No surprise that it works to use the symbol table as a parser to parse the one string in the symbol table. Now, here's our parser:

auto const parser = (bp::char_ >> bp::int_)[add_symbol] >> symbols;

Here, we've attached the semantic action not to a simple parser like double_, but to the sequence parser (bp::char_ >> bp::int_). This sequence parser contains two parsers, each with its own attribute, so it produces two attributes as a tuple.

auto const add_symbol = [&symbols](auto & ctx) {
    using namespace bp::literals;
    // symbols::insert() requires a string, not a single character.
    char chars[2] = {_attr(ctx)[0_c], 0};
    symbols.insert(ctx, chars, _attr(ctx)[1_c]);
};

Inside the semantic action, we can get the first element of the attribute tuple using UDLs provided by Boost.Hana, and boost::hana::tuple::operator[](). The first attribute, from the char_, is _attr(ctx)[0_c], and the second, from the int_, is _attr(ctx)[1_c] (if boost::parser::tuple aliases to std::tuple, you'd use std::get or boost::parser::get instead). To add the symbol to the symbol table, we call insert().

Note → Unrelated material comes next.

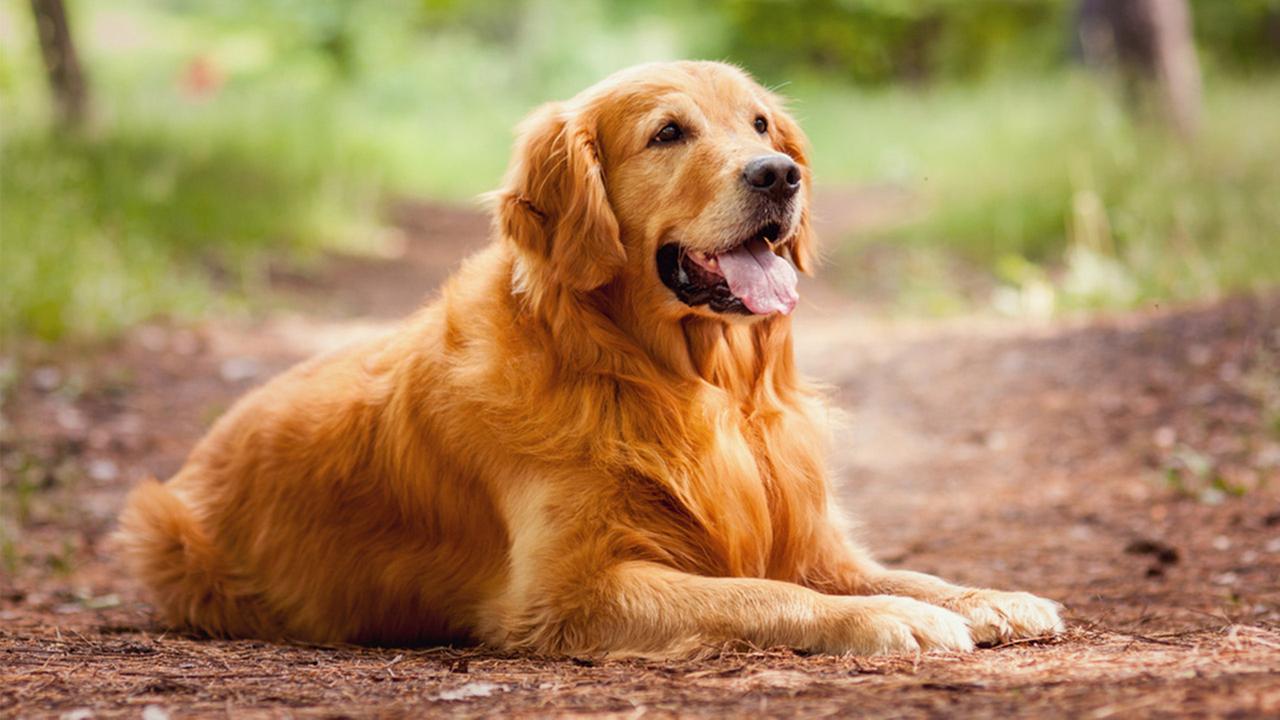 Golden Retriever Wallpaper - Android Apps on Google Play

auto const parser = (bp::char_ >> bp::int_)[add_symbol] >> symbols;

During the parse, ("X", 9) is parsed and added to the symbol table. Then, the second 'X' is recognized by the symbol table parser. However:

assert(!parse("X", symbols));

If we parse again, we find that "X" did not stay in the symbol table. The fact that symbols was declared const might have given you a hint that this would happen. Also, notice that the call to insert() in the semantic action uses the parse context; that's where all the symbol table changes are stored during the parse.

The full program:

#include <boost/parser/parser.hpp>

#include <iostream>
#include <string>


namespace bp = boost::parser;

int main()
{
    bp::symbols<int> const symbols = {{"c", 8}};
    assert(parse("c", symbols));

    auto const add_symbol = [&symbols](auto & ctx) {
        using namespace bp::literals;
        // symbols::insert() requires a string, not a single character.
        char chars[2] = {_attr(ctx)[0_c], 0};
        symbols.insert(ctx, chars, _attr(ctx)[1_c]);
    };
    auto const parser = (bp::char_ >> bp::int_)[add_symbol] >> symbols;

    auto const result = parse("X 9 X", parser, bp::ws);
    assert(result && *result == 9);
    (void)result;

    assert(!parse("X", symbols));
}

Tip

	Tip
`symbols` also has a call operator that does exactly what `.insert_for_next_parse()` does. This allows you to chain additions with a convenient syntax, like this: symbols<int> roman_numerals; roman_numerals.insert_for_next_parse("I", 1)("V", 5)("X", 10);

symbols also has a call operator that does exactly what .insert_for_next_parse() does. This allows you to chain additions with a convenient syntax, like this:

symbols<int> roman_numerals;
roman_numerals.insert_for_next_parse("I", 1)("V", 5)("X", 10);

	Important
	`symbols` stores all its strings in UTF-32 internally. If you do Unicode or ASCII parsing, this will not matter to you at all. If you do non-Unicode parsing of a character encoding that is not a subset of Unicode (EBCDIC, for instance), it could cause problems. See the section on Unicode Support for more information.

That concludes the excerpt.